● Data to process

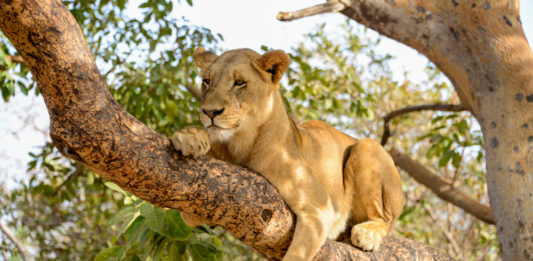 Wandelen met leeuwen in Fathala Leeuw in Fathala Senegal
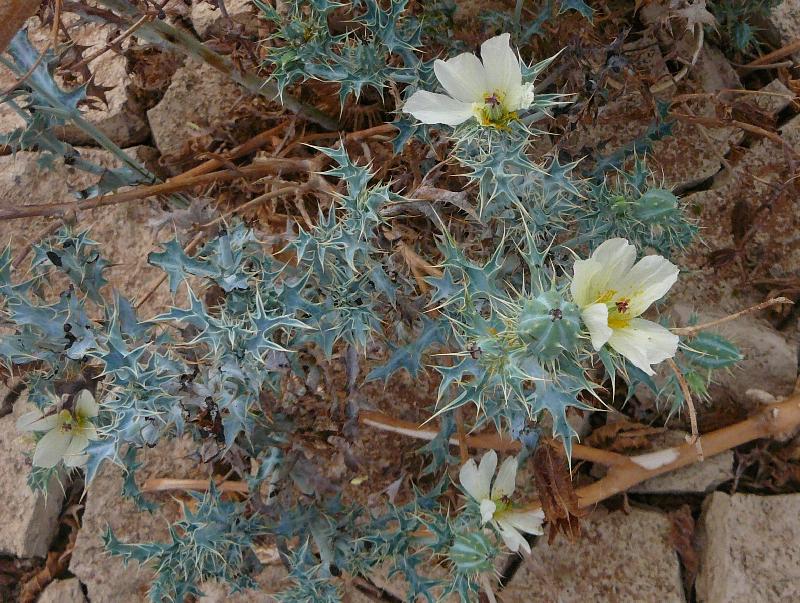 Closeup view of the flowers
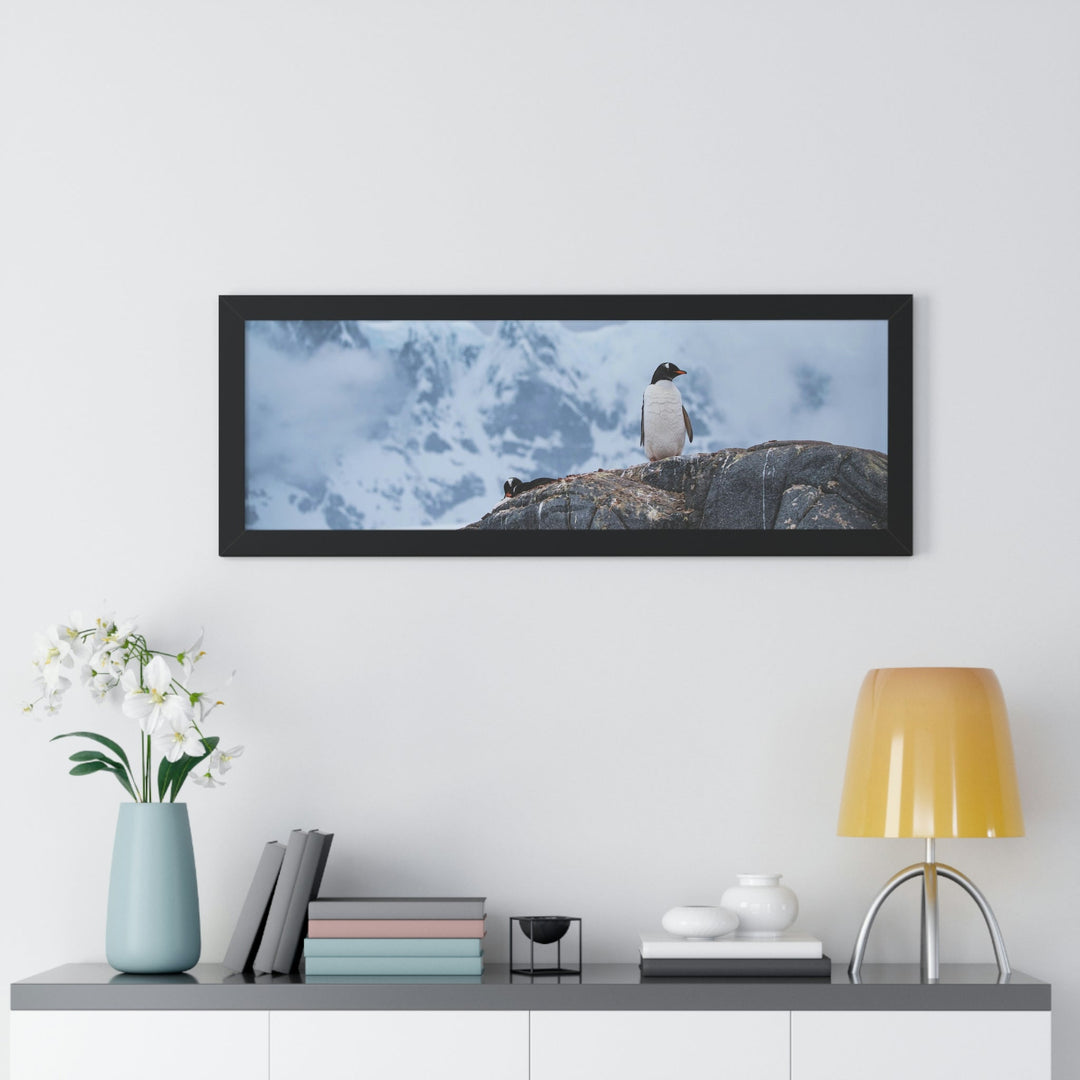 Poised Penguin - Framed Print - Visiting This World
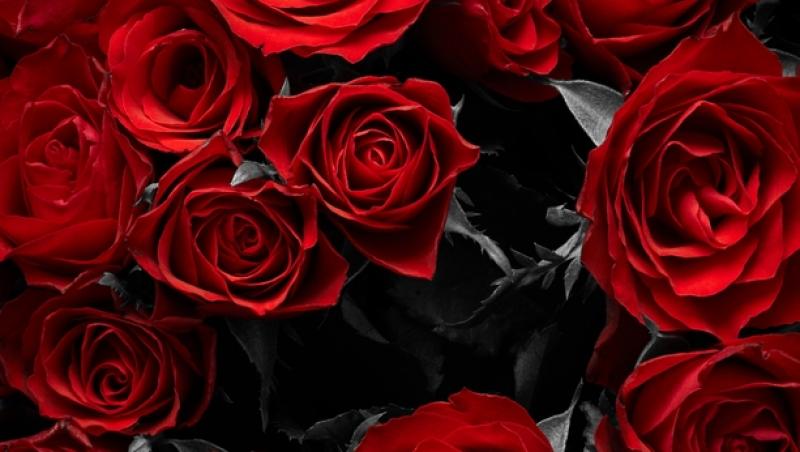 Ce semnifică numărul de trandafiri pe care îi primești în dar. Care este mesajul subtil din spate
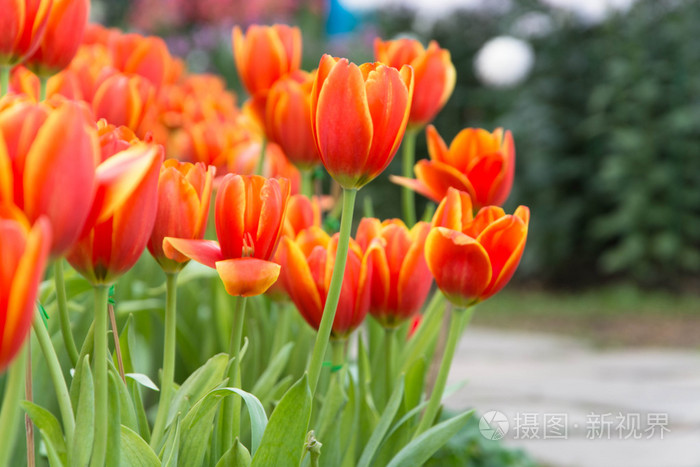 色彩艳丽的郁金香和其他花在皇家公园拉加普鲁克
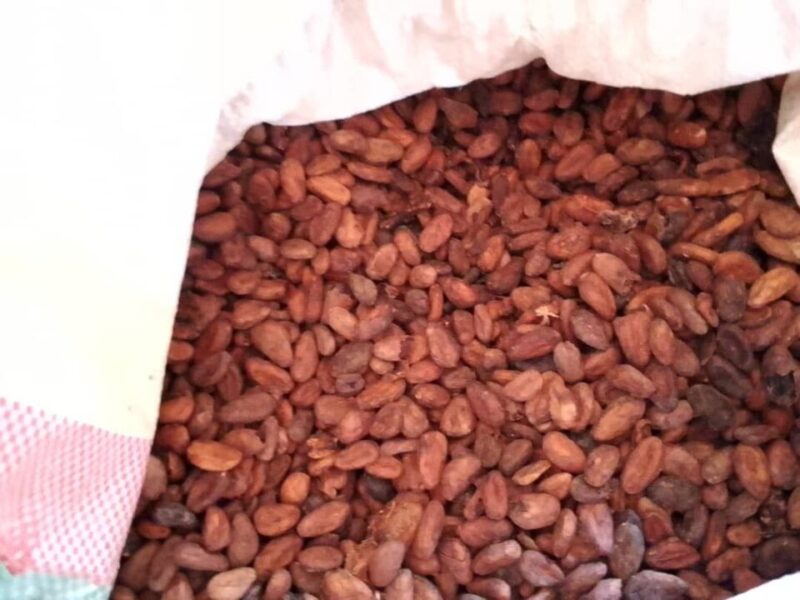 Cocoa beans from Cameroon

● What the task asks
Reproduce all of the entries exactly as they appear, though any picture they include must be omitted.

● Output for this task
 Wandelen met leeuwen in Fathala Leeuw in Fathala Senegal
 Closeup view of the flowers
 Poised Penguin - Framed Print - Visiting This World
 Ce semnifică numărul de trandafiri pe care îi primești în dar. Care este mesajul subtil din spate
 色彩艳丽的郁金香和其他花在皇家公园拉加普鲁克
 Cocoa beans from Cameroon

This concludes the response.